# Working data:
+ + + + + + +
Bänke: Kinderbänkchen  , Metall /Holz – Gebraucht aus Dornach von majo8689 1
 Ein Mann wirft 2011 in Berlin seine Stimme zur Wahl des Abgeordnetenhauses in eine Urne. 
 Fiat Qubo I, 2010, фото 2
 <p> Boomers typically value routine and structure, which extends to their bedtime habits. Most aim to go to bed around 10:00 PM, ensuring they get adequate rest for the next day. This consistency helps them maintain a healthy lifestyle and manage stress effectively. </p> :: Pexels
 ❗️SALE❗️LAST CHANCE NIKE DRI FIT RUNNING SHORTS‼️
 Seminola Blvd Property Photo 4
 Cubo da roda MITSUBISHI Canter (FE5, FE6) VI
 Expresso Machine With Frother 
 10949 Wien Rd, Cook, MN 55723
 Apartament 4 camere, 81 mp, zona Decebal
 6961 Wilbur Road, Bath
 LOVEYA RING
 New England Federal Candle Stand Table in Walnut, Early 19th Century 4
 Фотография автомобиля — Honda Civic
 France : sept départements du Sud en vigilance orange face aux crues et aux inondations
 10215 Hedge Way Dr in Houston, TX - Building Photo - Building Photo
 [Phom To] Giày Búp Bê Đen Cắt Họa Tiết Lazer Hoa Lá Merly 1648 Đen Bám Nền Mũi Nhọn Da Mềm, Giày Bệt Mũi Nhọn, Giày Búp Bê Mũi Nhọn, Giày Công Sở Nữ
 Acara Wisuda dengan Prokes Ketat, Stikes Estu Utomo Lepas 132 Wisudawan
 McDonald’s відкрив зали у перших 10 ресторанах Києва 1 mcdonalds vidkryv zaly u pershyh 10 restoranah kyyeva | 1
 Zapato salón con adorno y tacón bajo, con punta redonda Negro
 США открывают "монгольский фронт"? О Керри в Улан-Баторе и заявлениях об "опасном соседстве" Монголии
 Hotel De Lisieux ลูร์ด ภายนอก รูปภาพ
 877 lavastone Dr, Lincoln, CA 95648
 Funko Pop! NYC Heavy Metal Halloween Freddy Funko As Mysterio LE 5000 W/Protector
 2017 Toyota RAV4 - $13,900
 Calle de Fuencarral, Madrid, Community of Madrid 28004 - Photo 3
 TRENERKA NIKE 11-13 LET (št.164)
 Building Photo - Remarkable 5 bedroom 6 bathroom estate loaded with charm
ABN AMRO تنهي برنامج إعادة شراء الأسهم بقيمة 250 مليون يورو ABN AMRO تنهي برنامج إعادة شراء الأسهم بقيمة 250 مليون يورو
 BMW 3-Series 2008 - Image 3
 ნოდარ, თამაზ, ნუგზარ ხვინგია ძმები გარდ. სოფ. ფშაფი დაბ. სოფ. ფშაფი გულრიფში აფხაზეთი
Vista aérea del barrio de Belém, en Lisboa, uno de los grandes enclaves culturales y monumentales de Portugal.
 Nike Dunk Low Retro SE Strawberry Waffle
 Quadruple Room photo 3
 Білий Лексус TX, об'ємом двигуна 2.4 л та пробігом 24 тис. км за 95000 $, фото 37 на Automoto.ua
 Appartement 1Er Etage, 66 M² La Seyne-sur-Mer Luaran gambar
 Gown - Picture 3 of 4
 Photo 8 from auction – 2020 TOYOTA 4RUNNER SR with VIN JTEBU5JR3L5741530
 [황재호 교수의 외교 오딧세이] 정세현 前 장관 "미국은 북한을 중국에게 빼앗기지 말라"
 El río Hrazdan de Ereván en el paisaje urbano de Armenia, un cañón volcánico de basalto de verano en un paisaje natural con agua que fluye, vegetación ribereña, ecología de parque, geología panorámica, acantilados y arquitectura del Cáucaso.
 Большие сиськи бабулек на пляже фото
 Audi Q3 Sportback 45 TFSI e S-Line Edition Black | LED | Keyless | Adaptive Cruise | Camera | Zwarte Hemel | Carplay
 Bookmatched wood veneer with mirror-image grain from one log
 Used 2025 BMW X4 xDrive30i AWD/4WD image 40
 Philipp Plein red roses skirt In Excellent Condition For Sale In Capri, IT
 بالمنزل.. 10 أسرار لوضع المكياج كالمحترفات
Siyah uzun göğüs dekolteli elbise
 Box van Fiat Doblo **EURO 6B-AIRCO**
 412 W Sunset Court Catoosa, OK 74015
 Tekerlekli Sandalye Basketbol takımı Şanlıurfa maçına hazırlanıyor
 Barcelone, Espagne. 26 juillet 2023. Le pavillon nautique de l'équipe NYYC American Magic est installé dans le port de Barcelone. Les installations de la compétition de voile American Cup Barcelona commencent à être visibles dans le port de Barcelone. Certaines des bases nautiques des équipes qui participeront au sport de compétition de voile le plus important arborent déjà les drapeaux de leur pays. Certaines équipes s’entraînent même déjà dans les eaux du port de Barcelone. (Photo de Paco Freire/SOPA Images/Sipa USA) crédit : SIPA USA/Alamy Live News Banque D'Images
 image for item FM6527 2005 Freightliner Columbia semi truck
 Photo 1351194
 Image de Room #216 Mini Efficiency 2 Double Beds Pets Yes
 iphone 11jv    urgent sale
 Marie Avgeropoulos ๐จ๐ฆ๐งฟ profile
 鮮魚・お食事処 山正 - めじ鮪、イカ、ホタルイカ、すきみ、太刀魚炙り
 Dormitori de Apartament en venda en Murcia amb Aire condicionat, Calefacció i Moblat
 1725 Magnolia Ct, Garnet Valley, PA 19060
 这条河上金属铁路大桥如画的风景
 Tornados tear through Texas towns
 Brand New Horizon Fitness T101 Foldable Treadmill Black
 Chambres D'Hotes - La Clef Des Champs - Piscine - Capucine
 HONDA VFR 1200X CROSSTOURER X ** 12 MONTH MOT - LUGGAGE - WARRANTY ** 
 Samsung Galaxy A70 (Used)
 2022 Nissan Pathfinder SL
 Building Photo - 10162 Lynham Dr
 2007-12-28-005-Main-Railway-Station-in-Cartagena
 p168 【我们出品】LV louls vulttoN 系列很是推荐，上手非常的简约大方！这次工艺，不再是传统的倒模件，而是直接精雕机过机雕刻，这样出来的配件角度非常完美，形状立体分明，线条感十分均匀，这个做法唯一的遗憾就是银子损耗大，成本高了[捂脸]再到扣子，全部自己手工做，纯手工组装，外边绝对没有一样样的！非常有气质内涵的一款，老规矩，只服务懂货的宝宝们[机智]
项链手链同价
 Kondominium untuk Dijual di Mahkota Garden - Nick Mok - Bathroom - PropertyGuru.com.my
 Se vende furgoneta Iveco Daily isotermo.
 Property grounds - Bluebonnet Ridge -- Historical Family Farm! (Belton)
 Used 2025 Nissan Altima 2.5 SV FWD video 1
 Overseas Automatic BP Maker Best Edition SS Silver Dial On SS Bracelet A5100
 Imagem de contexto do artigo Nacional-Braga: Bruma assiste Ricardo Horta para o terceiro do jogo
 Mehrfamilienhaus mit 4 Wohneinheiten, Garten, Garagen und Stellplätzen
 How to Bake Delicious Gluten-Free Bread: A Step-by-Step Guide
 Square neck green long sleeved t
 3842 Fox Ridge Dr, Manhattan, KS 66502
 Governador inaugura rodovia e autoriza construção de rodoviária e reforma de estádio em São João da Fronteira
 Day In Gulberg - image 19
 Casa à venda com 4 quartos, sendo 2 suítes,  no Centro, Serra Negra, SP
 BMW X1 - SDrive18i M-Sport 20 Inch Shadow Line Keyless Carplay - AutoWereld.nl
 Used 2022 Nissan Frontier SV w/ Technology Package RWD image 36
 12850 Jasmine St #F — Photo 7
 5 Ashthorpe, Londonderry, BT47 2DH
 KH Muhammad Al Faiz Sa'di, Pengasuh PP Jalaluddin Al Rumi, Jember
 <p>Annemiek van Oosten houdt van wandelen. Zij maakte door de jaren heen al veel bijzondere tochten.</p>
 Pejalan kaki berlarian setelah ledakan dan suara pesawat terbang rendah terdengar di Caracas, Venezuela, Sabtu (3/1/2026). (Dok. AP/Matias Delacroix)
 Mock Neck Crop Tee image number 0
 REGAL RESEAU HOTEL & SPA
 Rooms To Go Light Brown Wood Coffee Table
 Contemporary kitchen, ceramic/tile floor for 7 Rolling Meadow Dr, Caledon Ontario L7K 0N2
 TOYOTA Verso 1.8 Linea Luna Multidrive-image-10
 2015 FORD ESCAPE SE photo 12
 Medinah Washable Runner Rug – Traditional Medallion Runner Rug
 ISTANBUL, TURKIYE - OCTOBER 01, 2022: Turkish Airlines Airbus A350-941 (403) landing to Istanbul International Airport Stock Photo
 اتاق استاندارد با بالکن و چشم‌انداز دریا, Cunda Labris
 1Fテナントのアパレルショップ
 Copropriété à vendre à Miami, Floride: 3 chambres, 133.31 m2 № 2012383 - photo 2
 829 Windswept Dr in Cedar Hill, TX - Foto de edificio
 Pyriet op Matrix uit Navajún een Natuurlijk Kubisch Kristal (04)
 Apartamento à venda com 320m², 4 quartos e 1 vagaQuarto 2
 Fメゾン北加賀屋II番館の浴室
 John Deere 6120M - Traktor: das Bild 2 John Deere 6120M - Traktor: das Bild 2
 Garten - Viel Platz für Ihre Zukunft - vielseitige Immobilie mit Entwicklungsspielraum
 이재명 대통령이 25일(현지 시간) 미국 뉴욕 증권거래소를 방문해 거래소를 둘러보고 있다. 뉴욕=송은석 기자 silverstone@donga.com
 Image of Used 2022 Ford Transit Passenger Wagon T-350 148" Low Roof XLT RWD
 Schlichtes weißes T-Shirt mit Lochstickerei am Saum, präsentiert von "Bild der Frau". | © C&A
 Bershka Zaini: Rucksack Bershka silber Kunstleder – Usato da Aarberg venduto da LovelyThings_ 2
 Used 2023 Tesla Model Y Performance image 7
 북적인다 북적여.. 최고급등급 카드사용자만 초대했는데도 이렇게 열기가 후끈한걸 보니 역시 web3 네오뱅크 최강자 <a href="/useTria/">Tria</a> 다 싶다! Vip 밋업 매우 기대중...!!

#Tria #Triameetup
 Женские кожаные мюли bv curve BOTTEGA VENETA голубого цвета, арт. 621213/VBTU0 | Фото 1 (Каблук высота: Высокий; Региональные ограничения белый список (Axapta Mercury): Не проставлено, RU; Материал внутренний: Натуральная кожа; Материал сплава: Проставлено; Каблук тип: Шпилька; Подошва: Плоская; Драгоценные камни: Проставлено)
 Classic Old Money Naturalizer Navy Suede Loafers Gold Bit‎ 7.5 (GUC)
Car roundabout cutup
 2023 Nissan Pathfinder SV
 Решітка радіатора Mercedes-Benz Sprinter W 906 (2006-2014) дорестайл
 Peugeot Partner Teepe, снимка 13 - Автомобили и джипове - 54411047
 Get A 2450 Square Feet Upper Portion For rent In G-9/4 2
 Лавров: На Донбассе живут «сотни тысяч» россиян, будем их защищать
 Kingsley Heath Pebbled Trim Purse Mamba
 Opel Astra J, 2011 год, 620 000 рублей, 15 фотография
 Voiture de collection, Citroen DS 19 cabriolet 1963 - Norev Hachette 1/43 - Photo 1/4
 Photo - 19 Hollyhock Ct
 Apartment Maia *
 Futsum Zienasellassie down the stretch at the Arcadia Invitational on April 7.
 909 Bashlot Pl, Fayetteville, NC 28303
+ + + + + + +
# Your instructions:
Nothing but the lines from the one that contains "Get A 2450 Square" through the end of the data above should appear, each reproduced exactly.

# Answer area:
 Get A 2450 Square Feet Upper Portion For rent In G-9/4 2
 Лавров: На Донбассе живут «сотни тысяч» россиян, будем их защищать
 Kingsley Heath Pebbled Trim Purse Mamba
 Opel Astra J, 2011 год, 620 000 рублей, 15 фотография
 Voiture de collection, Citroen DS 19 cabriolet 1963 - Norev Hachette 1/43 - Photo 1/4
 Photo - 19 Hollyhock Ct
 Apartment Maia *
 Futsum Zienasellassie down the stretch at the Arcadia Invitational on April 7.
 909 Bashlot Pl, Fayetteville, NC 28303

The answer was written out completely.